A 2020 story in the sports business website Sportico speculated that Staben's removal as president was partly due to his resistance to a board directive that the university reduce its annual athletics expenses by $1 million, which would bring expenses below a board-imposed cap on the amount of general education revenue that went to athletics. This cut was seen as likely to result in a net reduction of two varsity sports. Staben took a more holistic view of athletic department accounting than the board, arguing that when the tuition paid by non-scholarship athletes and those on partial scholarships was taken into account, the affected sports actually turned a net profit for the university. He prepared a 22-slide presentation asserting that dropping those sports would lead to a net loss in university revenue, and that adding more sports could actually increase overall revenue. The board would not allow him to present his case. In the Sportico story, Staben noted that by 2020, the athletic department was $1.5 million over the board's cap, up from the $1 million in 2018.

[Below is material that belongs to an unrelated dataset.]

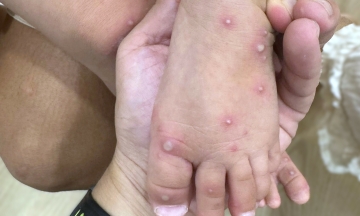 Should children be kept home from school when there is a hand, foot, and mouth case in class?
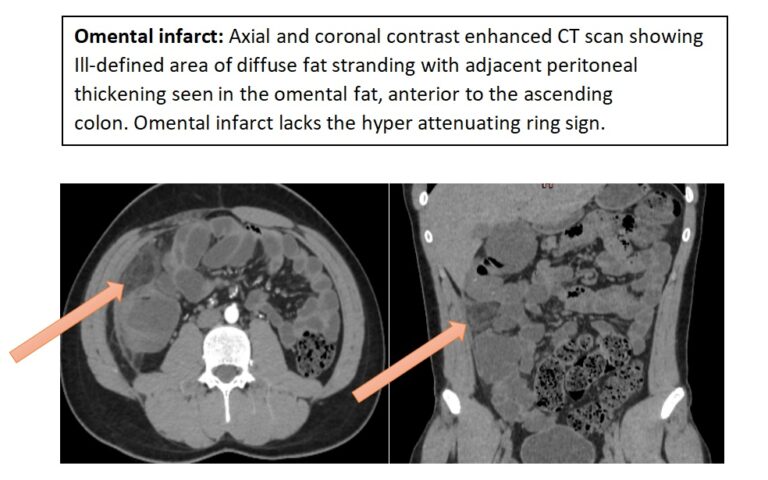 Imaging Spectrum Of Intraperitoneal Focal Fatty Infarction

After Staben stepped down as university president, he returned to classroom instruction as a professor of biology. Staben was succeeded as president by C. Scott Green, an alumnus of the University of Idaho and businessman.

==Personal life==
Staben enjoys racquetball, bicycling, hiking and skiing, among other pursuits. He is married to Dr. Mary Beth Staben, a practicing physician in Idaho. The couple have one daughter and two sons and reside in Moscow, Idaho.